I'm constantly thinking "I need to get into local models but I dread spending all that time and money without having any idea if the end result would be useful".

But obviously the answer is to start playing with open models in the cloud!

  • I agree but I still have that itch to have my own local model—so it's not always about cost. A hobby?

    (Besides, a hopped-up Mac would never go to waste in my home if it turns out the local LLM thing was not worth the cost.)

  • Well they are doing that because of the nature of matrix multiplication. Specifically, LLM costs scale in the square length of a single input, let's call it N, but only linearly in the number of batched inputs.

    O(M * N^2 * d)

    d is a constant related to the network you're running. Batching, btw, is the reason many tools like Ollama require you to set the context length before serving requests.

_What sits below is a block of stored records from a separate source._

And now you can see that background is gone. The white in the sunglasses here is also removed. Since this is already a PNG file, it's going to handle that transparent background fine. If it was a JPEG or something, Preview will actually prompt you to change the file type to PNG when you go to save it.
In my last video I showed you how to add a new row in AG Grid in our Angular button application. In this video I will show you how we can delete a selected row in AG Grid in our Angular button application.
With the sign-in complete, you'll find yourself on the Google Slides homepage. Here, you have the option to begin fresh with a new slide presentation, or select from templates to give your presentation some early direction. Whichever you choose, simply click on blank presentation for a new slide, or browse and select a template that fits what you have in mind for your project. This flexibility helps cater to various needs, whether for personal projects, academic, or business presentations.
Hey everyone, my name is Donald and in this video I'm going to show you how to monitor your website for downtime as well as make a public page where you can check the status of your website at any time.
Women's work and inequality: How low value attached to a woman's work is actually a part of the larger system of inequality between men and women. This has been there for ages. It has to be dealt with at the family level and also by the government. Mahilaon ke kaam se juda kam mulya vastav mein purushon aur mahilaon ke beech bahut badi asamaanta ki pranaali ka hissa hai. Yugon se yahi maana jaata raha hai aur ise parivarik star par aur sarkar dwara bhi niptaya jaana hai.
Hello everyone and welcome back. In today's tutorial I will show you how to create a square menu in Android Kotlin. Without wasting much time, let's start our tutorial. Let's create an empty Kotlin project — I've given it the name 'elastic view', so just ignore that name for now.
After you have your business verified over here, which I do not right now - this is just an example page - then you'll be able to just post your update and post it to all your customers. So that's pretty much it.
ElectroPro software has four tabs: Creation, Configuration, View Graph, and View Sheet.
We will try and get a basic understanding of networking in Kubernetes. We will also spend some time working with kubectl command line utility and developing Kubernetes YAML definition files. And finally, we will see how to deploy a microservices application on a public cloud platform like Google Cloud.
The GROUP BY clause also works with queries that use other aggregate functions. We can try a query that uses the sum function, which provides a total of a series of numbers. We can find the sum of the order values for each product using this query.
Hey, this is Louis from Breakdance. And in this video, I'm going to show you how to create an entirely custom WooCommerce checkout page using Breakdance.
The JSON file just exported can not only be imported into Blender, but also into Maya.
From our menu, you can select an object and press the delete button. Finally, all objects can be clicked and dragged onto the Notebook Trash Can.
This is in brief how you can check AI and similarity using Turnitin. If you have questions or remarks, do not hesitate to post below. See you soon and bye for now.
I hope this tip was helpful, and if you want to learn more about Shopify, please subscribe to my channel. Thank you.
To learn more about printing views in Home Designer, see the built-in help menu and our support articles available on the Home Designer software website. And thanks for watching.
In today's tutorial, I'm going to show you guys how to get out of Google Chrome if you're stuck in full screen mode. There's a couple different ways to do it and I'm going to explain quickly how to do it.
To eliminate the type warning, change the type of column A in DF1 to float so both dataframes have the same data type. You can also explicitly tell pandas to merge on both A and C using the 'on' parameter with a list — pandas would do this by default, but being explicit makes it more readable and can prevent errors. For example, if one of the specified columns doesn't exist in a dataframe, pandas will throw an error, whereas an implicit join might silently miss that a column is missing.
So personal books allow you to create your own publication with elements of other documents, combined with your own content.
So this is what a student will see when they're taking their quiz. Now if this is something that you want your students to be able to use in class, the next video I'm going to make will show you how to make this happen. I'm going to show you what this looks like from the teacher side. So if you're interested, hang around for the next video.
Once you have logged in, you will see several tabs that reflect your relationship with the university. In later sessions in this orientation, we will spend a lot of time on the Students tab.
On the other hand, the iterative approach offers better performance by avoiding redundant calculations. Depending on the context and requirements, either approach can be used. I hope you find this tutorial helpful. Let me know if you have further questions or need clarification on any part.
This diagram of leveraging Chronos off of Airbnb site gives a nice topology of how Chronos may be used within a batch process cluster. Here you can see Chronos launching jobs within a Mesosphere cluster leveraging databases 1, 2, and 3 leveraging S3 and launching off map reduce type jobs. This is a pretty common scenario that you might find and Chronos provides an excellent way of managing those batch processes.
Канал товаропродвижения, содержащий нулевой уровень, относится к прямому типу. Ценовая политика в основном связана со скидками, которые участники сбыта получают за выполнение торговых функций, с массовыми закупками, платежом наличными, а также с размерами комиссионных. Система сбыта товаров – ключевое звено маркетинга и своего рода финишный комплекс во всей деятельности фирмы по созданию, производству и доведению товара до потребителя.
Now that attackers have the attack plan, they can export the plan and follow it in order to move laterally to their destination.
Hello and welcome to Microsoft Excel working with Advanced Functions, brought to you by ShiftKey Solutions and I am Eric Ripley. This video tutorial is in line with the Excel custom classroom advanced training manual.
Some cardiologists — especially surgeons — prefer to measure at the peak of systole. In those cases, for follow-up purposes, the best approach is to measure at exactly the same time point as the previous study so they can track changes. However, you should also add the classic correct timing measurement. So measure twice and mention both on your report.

    Having many more inputs is way cheaper than having longer inputs. In fact, that this is the case is the reason we went for LLMs in the first place: as this allows training to proceed quickly, batching/"serving many customers" is exactly what you do during training. GPUs came in because taking 10k triangles, and then doing almost the exact same calculation batched 1920*1080 times on them is exactly what happens behind the eyes of Lara Croft.

    And this is simplified because a vector input (ie. M=1) is the worst case for the hardware, so they just don't do it (and certainly not in published benchmark results). Often even older chips are hardwired to work with M set to 8 (and these days 24 or 32) for every calculation. So until you hit 20 customers/requests at the same time, it's almost entirely free in practice.

    Hence: the optimization of subagents. Let's say you need an LLM to process 1 million words (let's say 1 word = 1 token for simplicity)

    O(1 million words in one go) ~ 1e12 or 1 trillion operations

    O(1000 times 1000 words) ~ 1e9 or 1 billion operations

    O(10000 times 100 words) ~ 1e8 or 100 million operations

    O(100000 times 10 words) ~ 1e7 or 10 million operations

    O(one word at a time) ~ 1e6 or 1 million operations

    Of course, to an extent this last way of doing things is the long known case of a recurrent neural network. Very difficult to train, but if you get it working, it speeds away like professor Snape confronted with a bar of soap (to steal a Harry Potter joke)

> there are at least a dozen companies that provide non-Anthropic/non-OpenAI models in the cloud

Do you have some links?

Also I assume the privacy implications are vastly different compared to running locally?

  • Throw a rock and you'll hit one... Groq (not Grok, elon stole the name), Mistral, SiliconFlow, Clarifai, Hyperbolic, Databricks, Together AI, Fireworks AI, CompactifAI, Nebius Base, Featherless AI, Hugging Face (they do inference too), Cohere, Baseten, DeepInfra, Fireworks AI, DeepSeek, Novita AI, OpenRouter, xAI, Perplexity Labs, AI21, OctoAI, Reka, Cerebras, Fal AI, Nscale, OVHcloud AI, Public AI, Replicate, SambaNova, Scaleway, WaveSpeedAI, Z.ai, GMI Cloud, Nebius, Tensorwave, Lamini, Predibase, FriendliAI, Shadeform, Qualcomm Cloud, Alibaba Cloud AI, Poe, Bento LLM, BytePlus ModelArk, InferenceAI, IBM Wastonx.AI, AWS Bedrock, Microsoft, Google

  • I use Ollama Cloud. $20/mo and I never come close to hitting quota (YMMV obviously).

    They don't log anything, and they use US datacenters.

  • for privacy preserving direct inference: Fireworks ai nebius

    otherwise openrouter for routing to lots of different providers.